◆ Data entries
Content starts
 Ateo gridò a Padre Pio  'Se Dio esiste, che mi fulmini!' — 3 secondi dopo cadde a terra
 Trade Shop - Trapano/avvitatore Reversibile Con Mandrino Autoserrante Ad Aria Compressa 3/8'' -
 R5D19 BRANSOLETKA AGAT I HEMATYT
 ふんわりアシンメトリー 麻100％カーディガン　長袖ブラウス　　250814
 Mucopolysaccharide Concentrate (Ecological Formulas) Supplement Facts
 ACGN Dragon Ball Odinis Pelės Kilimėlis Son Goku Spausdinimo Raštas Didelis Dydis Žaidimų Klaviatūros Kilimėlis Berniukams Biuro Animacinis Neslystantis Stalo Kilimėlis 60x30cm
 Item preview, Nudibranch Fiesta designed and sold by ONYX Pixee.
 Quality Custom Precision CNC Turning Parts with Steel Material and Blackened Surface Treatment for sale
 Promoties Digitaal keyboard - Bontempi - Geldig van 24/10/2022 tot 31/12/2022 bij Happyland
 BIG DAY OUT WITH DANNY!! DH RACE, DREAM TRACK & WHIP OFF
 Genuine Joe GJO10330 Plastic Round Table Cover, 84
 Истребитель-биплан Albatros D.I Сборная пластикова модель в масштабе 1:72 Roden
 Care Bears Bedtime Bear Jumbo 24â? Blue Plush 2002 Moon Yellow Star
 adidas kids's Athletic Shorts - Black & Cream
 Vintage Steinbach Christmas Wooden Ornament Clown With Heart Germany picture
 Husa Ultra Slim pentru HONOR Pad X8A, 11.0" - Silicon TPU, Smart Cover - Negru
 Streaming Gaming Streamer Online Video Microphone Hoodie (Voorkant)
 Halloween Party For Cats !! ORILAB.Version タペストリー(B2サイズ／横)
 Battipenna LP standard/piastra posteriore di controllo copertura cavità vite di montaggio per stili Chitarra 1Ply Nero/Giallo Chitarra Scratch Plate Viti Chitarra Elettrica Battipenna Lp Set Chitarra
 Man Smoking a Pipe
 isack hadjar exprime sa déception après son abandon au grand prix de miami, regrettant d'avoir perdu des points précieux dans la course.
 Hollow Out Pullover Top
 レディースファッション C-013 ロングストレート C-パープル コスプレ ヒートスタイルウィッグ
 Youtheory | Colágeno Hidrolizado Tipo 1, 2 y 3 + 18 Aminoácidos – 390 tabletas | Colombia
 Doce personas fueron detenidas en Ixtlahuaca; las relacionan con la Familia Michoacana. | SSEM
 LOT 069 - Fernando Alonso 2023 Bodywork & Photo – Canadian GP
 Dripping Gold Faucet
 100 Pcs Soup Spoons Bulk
Content ends
◆ Work instruction
In the records above, some lines hold the word "Cover"; copy each such line.

◆ Output for this task
 Genuine Joe GJO10330 Plastic Round Table Cover, 84
 Husa Ultra Slim pentru HONOR Pad X8A, 11.0" - Silicon TPU, Smart Cover - Negru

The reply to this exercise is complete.